第2話-アイドルストーカー②

 私こと来島舞は万丈涼と一緒に、美冬さんの依頼を承って一花が盗撮された現場に来た。


 今は三限から四限の間で、早弁を考える生徒が少しだけ購買に群がっているのが見えた。


「それにしても、美冬さんも一花も災難だよな」

「だねえ。上手く行ったら美冬さんの手作りが食えるらしいから、しっかりと依頼はこなそうね」


 美冬さんが晩飯を腕に寄りを掛けて作ってくれると聞いたので、私は特に反対することも無く美冬さんの依頼を引き受けた。


「舞の前でこういうのもどうなのかって思うけど、美冬さんの手料理は気になるんだよな」

「いや、気になって良いから。そんなんじゃ怒らないって言ったでしょ?」


 涼が変な所で申し訳なさそうにするから、つい、ツッコミを入れてしまった。


「いやでもさ、言い換えると“彼女じゃない女の手料理楽しみ”って言ってるんだぜ?」

「その表現方法に悪意しかないでしょ」

「……まあ、否定はしないけど、そういうこと」

「それともそんなに気にするってことは、まさか美冬さんに……」

「いや、琉亜の溺愛っぷりを見てそんな風には思えねえよ」


 涼の言う通りで、傍から見て琉亜の美冬への溺愛っぷりは異常だ。
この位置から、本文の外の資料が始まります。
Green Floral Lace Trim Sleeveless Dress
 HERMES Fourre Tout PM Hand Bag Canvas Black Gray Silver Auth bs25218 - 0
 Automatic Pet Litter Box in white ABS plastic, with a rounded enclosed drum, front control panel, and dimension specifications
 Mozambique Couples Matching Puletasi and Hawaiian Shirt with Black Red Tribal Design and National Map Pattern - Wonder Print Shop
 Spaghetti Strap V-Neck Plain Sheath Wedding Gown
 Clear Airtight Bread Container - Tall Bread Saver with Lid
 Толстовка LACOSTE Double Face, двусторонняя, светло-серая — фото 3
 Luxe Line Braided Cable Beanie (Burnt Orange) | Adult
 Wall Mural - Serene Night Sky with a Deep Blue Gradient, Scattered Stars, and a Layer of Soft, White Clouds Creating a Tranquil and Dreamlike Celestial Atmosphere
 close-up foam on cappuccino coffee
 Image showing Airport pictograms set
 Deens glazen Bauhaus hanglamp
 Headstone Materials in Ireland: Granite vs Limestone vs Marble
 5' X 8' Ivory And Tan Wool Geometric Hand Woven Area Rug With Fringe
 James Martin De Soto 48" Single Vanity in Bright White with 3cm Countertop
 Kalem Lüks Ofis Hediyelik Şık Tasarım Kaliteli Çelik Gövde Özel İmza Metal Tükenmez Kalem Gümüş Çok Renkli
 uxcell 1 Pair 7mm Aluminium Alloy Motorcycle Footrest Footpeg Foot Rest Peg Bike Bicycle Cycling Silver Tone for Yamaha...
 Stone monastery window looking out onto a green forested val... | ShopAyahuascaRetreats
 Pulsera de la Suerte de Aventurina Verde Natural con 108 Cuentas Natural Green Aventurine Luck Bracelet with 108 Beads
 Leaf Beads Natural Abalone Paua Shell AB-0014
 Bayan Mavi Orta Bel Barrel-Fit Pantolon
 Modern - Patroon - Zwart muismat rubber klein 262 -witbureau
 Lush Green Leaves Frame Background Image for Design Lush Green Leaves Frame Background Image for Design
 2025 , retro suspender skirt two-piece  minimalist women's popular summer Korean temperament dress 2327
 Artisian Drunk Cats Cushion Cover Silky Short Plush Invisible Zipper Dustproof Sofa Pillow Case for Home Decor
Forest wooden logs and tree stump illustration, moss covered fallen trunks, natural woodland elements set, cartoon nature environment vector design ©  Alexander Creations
ナチュラルに惚気てくるから余計に質が悪い。


「ここかな?」


 一花が写ってる写真から、憶測で立ち位置を決める。


「ここより後ろって感じだな」


 カメラのズーム機能を何処まで使ってるのかはわからないけど、取り敢えずはここら辺のラインに写真を撮った人が居たのは明らかだ。


「でも、どの写真もここのラインからっぽいね?」

「バレるって思わねえのかな?」

「一花を脅す為だから、むしろ、そうしたいのかもね?」

「あー、ストーカーってそんなもんか」


 気持ち悪いことしてますよって、ストーカーしてる相手にアピールして怖がってる姿を楽しむんだろうね。


「美冬さんに写真を送っとこう」


 スマホでパシャパシャと写真を撮って、そのままメッセンジャーアプリにぺたぺたと張り付けた。


「今後とも御贔屓にっと」

「楽しそうだな」

「そうかな?」

「そう見えるけどな」

「こういうのワクワクしない?」

「まあ、犯人捜しって楽しいよな」


 ストーカーされてる一花に聞かれたら怒られそうだけど、探偵ごっこしてる身としては楽しいよね。


「でもまあ、早くわかって欲しいよね」

「だな~」


 私達はそのまま教室に帰った。



 **


「目星は付いてるんだっけ?」


 帰路に着く途中、琉亜があっけらかんと口にした。


「う~ん、私はわかってないと思ってるけど……」


 一花は何かある?って視線を私に向けてきた。


「まだ確定した情報はそんなに無いわね」

「美冬が無いって言うなら無いんだろうなあ」


 彼は私の言葉に“困ったなあ”と言った表情で頬をかいた。


「ただ、舞さん達に調べて貰ったから、明日からもうちょっと対策を打てると思う」

「どんな?」

「ここら辺から、いつも一花の事を撮ってるみたいで……」

「へえ、なるほどな」


 舞さんから送られてきた写真を琉亜に見せる。


「犯人を捕まえるのは俺達がやろうか?」

「え、良いの?」

「逆に美冬にやって欲しくないかな。犯人が逆上したらどうするつもりなんだ?」

「う……、それは……その、先生に……」

「現行犯じゃないとめんどいのに、一々それを確認してから先生を呼ぶのか?」

「うっ……」


 琉亜の真っ直ぐ過ぎる正論が心に刺さって痛い。


「る、琉亜、美冬を怒らないであげて」


 少しだけ苦い顔をしたら、一花が私を庇ってくれる。


「怒ってない。こうやって人の為に動けるのは美冬の良い所だってわかってる。けど、俺が居るのに頼ってくれないのは嫌かな」


 それは……確かに、そうかもしれない。


「琉亜、ありがとう」

「ん」

「でも、これは私の友達の話で、それに貴方を進んで巻き込むのは違うと思ってるわ」


 貴方という武器を手に入れる為に、私は貴方と付き合っているわけではないの。


「……まあ、そういう所は嫌いじゃないよ」

「でしょうね」

「じゃあ、これは俺の我儘だ。頼るんじゃなくて、俺を駒として絶対に使え。……それが出来ないなら、別れよう」


 ガツンと言葉で殴られた気がして、キーンと頭が冷えた。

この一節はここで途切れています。